As I’m sure you’re already aware, since it’s now plastered all around the web, Apple has lost its exclusive rights to the ‘iPhone’ trademark in Brazil. This comes after Apple’s battle with the Brazilian ‘Gradiente Eletronica’, which has a trademark in the country for the name that predates the iPhone’s introduction by seven years.
What this means is that Apple’s smartphone may still be named ‘iPhone’ in Brazil, but Apple will not have exclusivity in the name, meaning Gradiente can continue to sell its products under the ‘iPhone’ name. In-fact, the Brazilian company does just that, as it introduced its own ‘iPhone’ in December. It’s also worth noting the laughable irony that Gradiente’s iPhone variant runs on Android.
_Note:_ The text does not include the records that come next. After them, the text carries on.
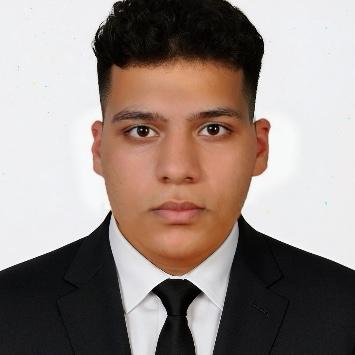 MAHMOUD ABUALOFF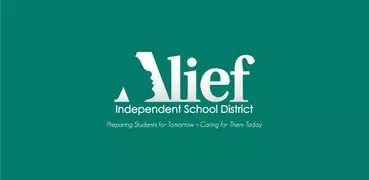 Alief ISD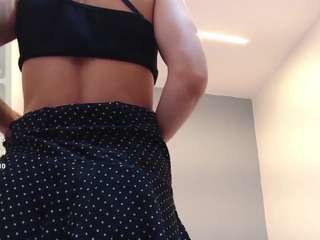 sammyfit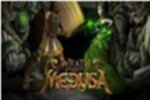 Wrath of Medusa Slot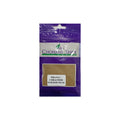 DHANIA / CORIANDER POWDER 50GM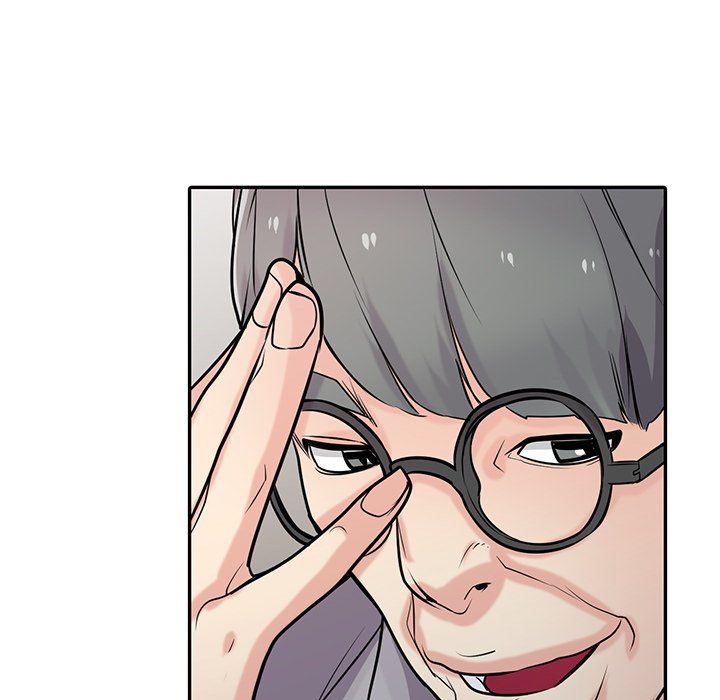 寄生姐妹第47话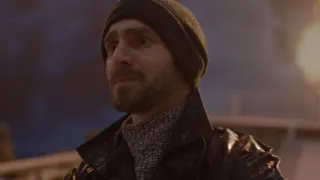 Válečná hra (6/6)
The device’s full name is ‘Gradiente iPhone Neo One’ (I’m sorry, but ‘iPhone Nexus One’, Anyone?), and it retails for the equivalent of $304 (or £196 in the United Kingdom-land).
The Institute of Industrial Property (INPI) stated that part of Apple’s recently-lost argument was that Gradiente Eletronica hadn’t used its ‘iPhone’ trademark on a device up until the tail end of 2012, so the Cupertino company should be awarded the trademark with full exclusivity. However, as we now know, Apple was fighting a losing battle. There is a (very) faint light side for Apple, though, as the company still has full trademark exclusivity with the name in every field other than handsets, but you can draw your own conclusions for how much use the trademark will be when applied to a product that isn’t a smartphone.